The study was led by Professors Bang Seung-min and Leem Ga-lam from the Department of Gastroenterology at Severance Hospital, along with Kim Jin-su, assistant professor in the Department of Internal Medicine at Yonsei University College of Medicine.
The findings were published in the latest issue of Molecular Cancer (IF 27.7), a world-leading journal in cancer research.
Pancreatic cancer remains one of the deadliest forms of cancer, with a five-year survival rate of only about 10 percent despite advances in diagnostics and treatment. Most patients are diagnosed at an advanced stage when surgery is no longer an option and must rely on chemotherapy.
However, no biomarkers currently exist to predict treatment effectiveness, leaving the selection of anticancer drugs solely to physician experience and patient condition. As such, there is an urgent need to develop a model that can accurately forecast individualized treatment responses.
Moreover, due to the limited efficacy of first-line treatments, many guidelines recommend early participation in clinical trials. Yet pancreatic cancer lacks reliable preclinical models that can predict patient-specific responses, making the design of new clinical studies difficult.

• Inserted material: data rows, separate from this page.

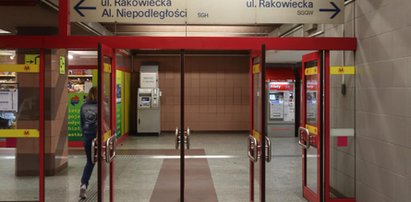 Tablice w metrze wprowadzają w błąd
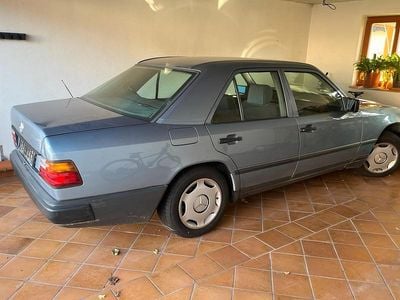 Gebraucht Mercedes E230 130 PS (95 kW) 1989 Blau Limousine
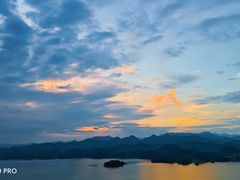 -千岛湖忆湖度假酒店(中心湖景区店)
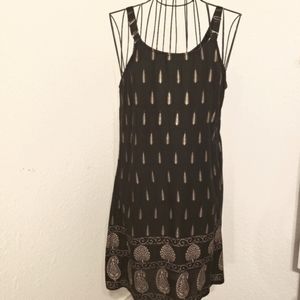 LAPOGEE Boutique Dress ⚘️🌷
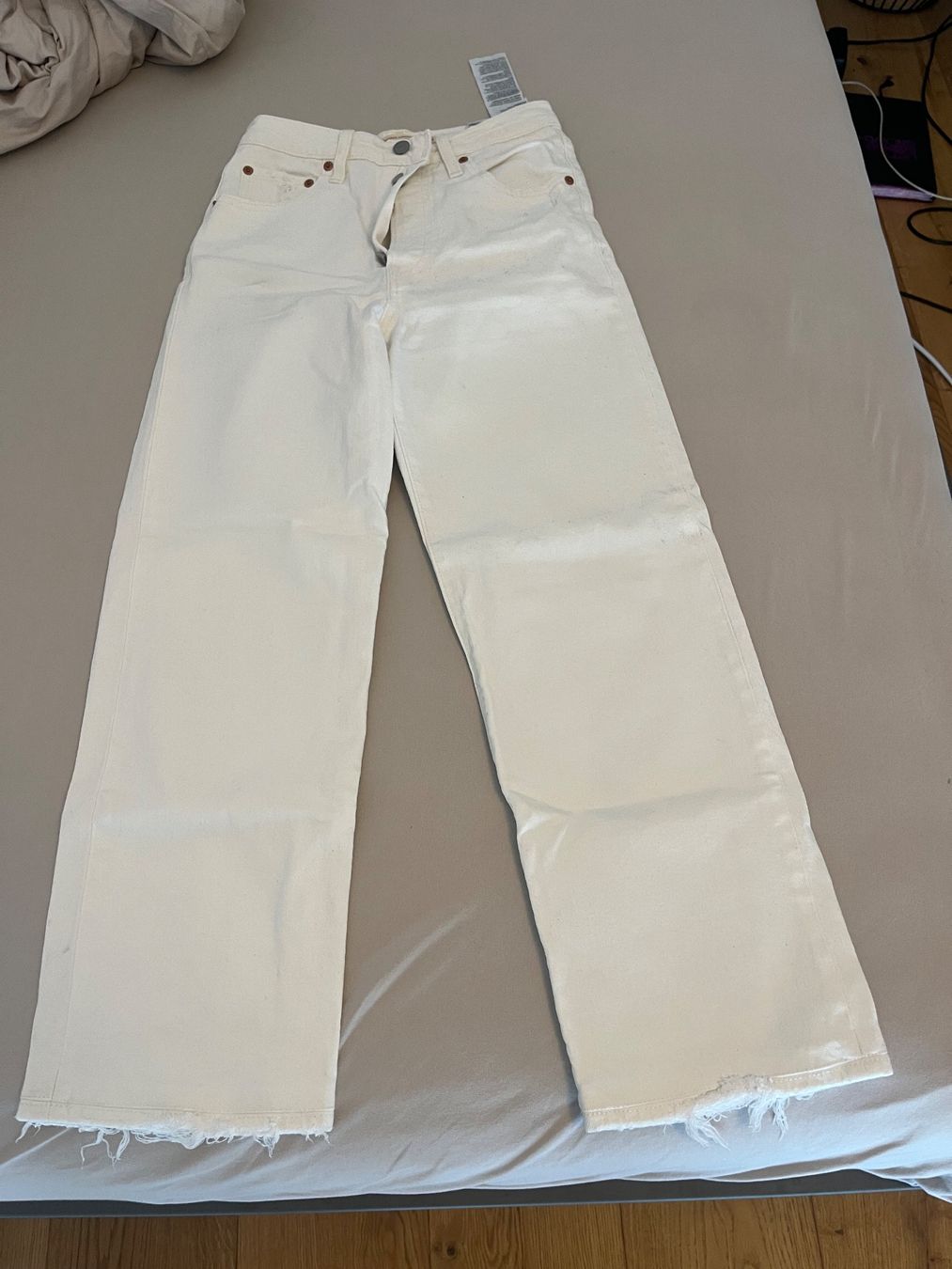 Levi's Jeans: Levi‘s Ribcage straight 25 – D'occasion à Zürich par Joellita25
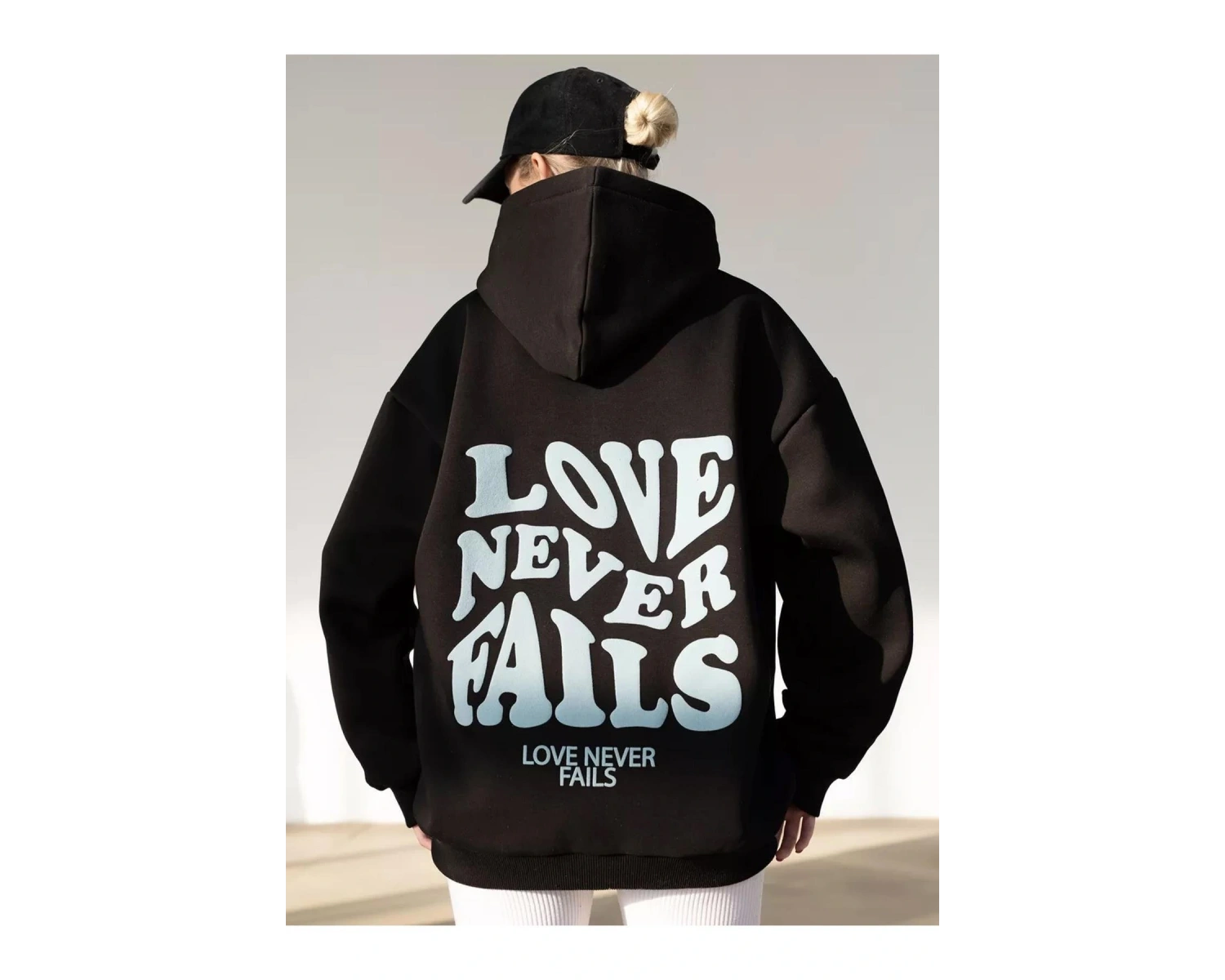 Unisex Love Never Fails Sweatshirt Siyah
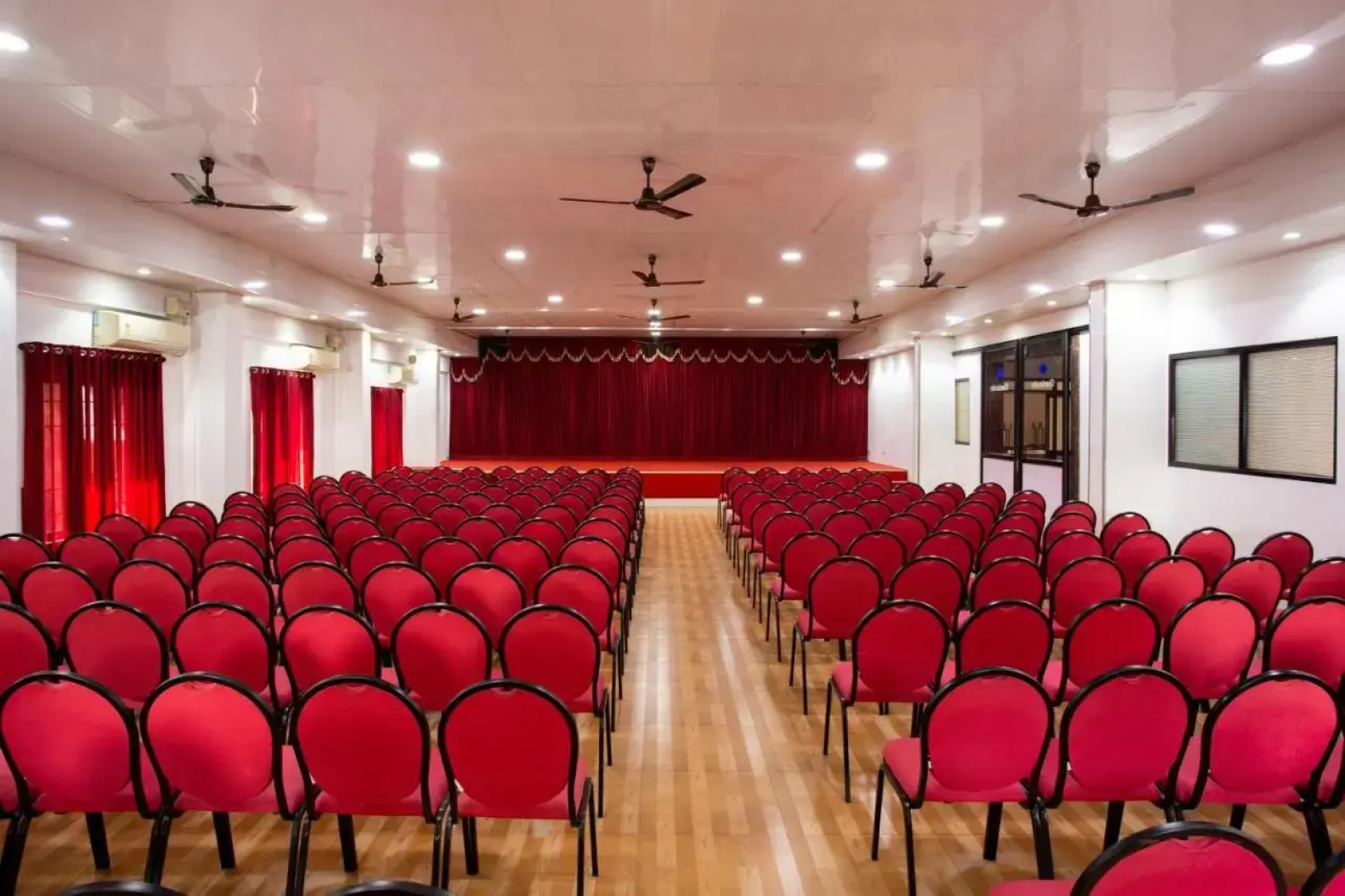Chandana Inn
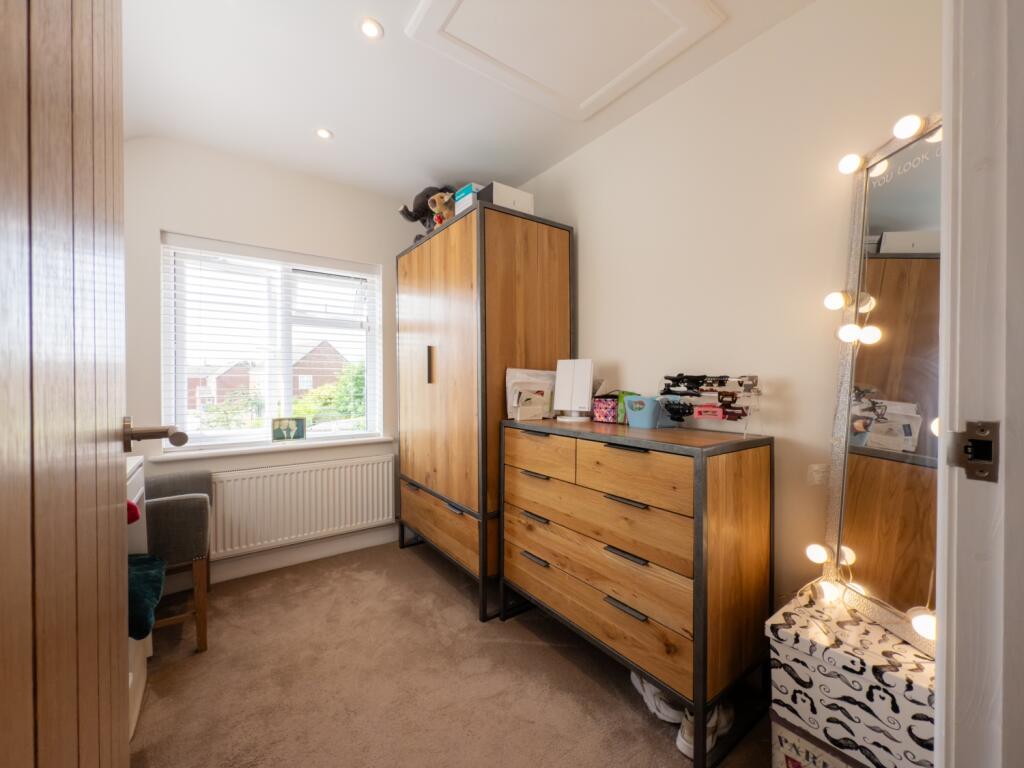 20250701120113 - IMG_9917 - 8 Burnham Close, Triml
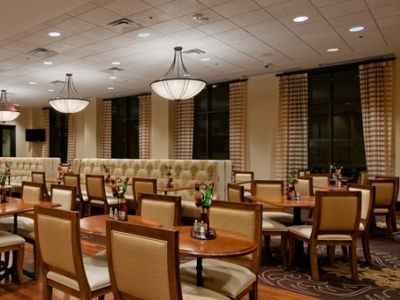 Hotel Embassy Riverwalk-downtown 4*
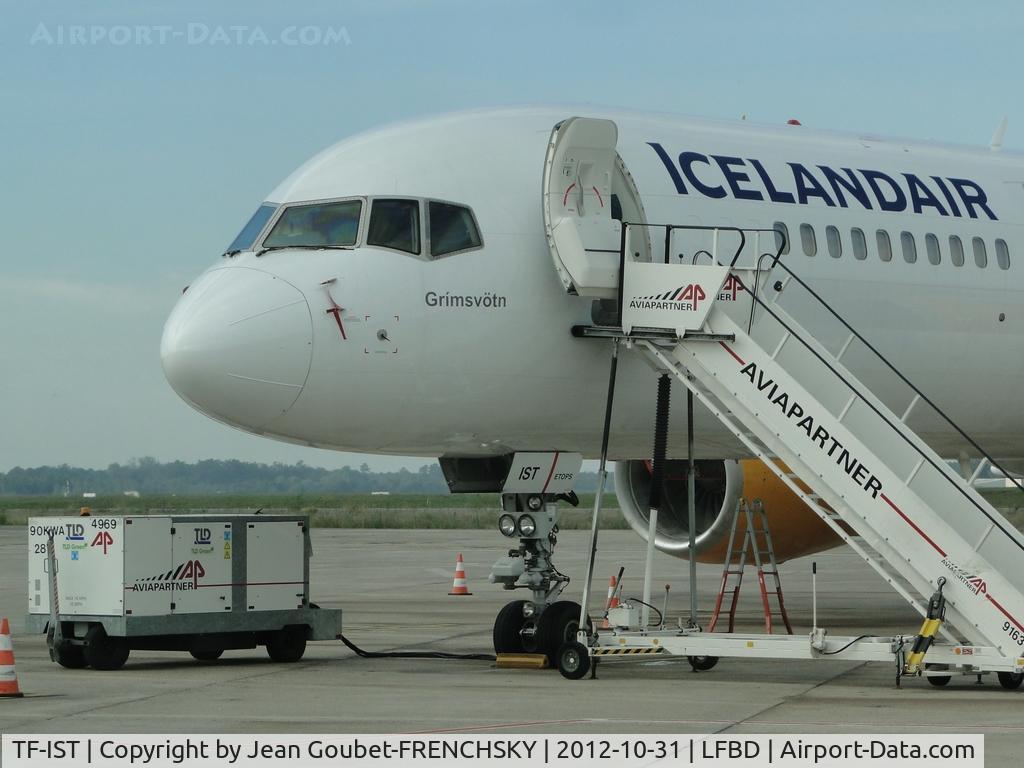 TF-IST, 2000 Boeing 757-256 C/N 29307, Lakani World Tour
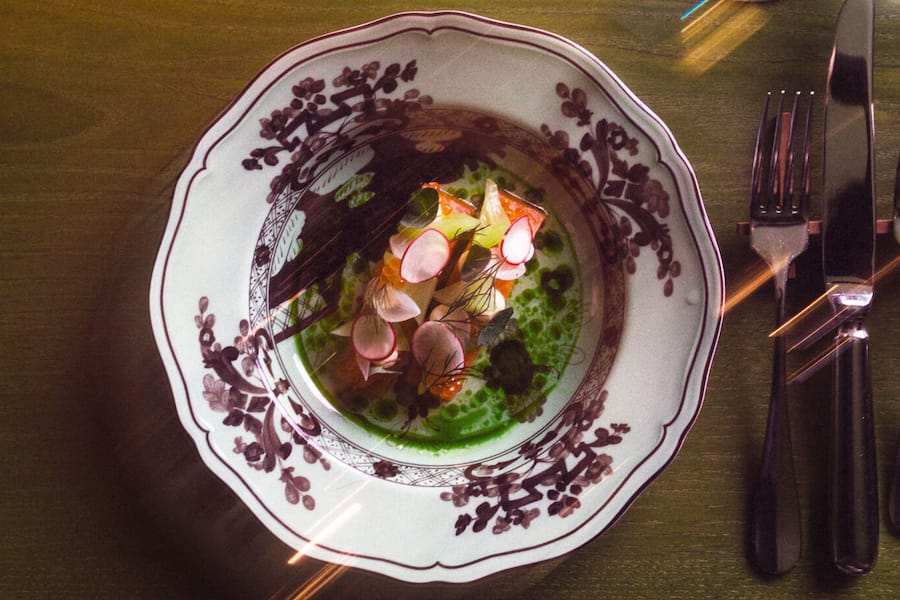 Saibling mit Radieschen, Meerrettich und Kräuteröl.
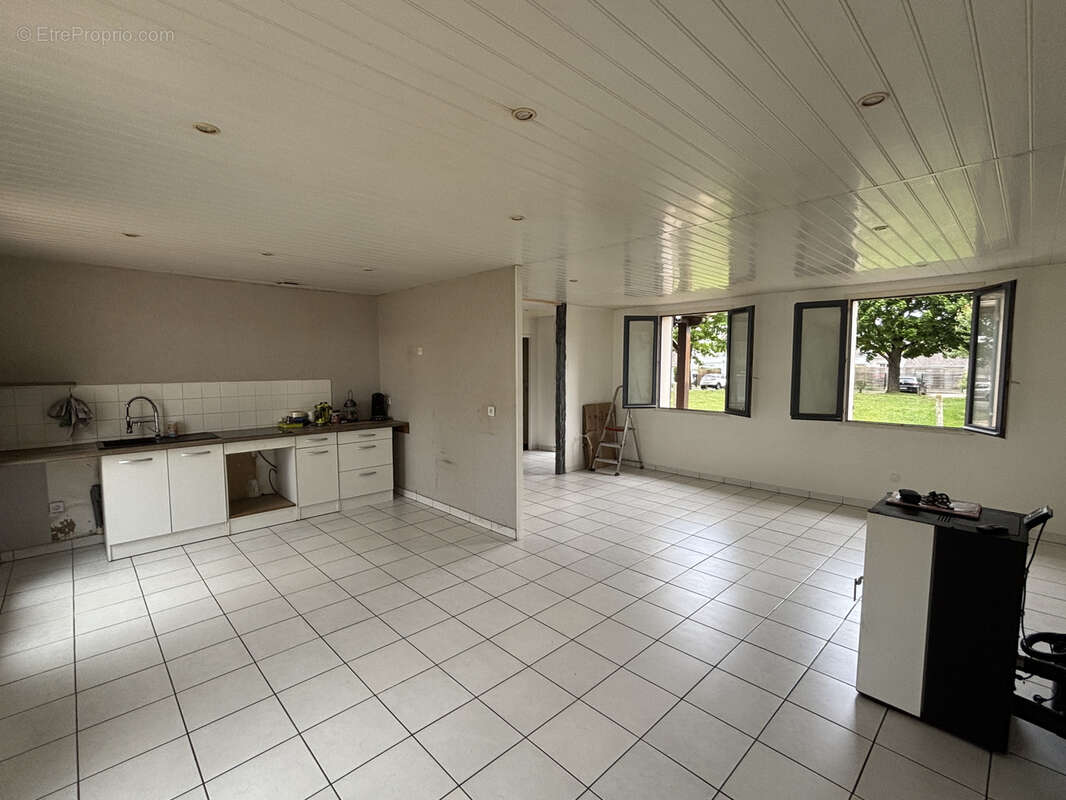 Maison à PONT-DE-L&#039;ARCHE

Previous efforts to develop pancreatic cancer organoid models aimed at predicting treatment response and testing new drugs faced limitations. Prolonged exposure to growth factors during cultivation often altered the organoids’ original characteristics, reducing prediction accuracy. Additionally, these models could only forecast the response to single agents, not drug combinations.
Using patient-derived pancreatic cancer cell lines accumulated over the past decade, the research team successfully developed a 3D organoid model that reflects patient-specific genetic traits. When treated with the same combinations of anticancer drugs administered to patients, the model produced outcomes that closely matched actual treatment results.
Notably, the team created a platform that maintains organoids without the use of growth factors -- unlike conventional methods -- allowing the preservation of original characteristics even during long-term culture. This advancement is expected to significantly support the design of clinical trials, the development of new drugs, and personalized treatment strategies.
“By developing a model that can accurately predict each patient's response to treatment in advance, we have opened up the possibility of providing optimal anticancer drugs in a personalized manner,” said Professor Bang.
“This research is expected to improve the success rate of clinical trials and dramatically reduce the cost and time required for drug development,” added Professor Leem.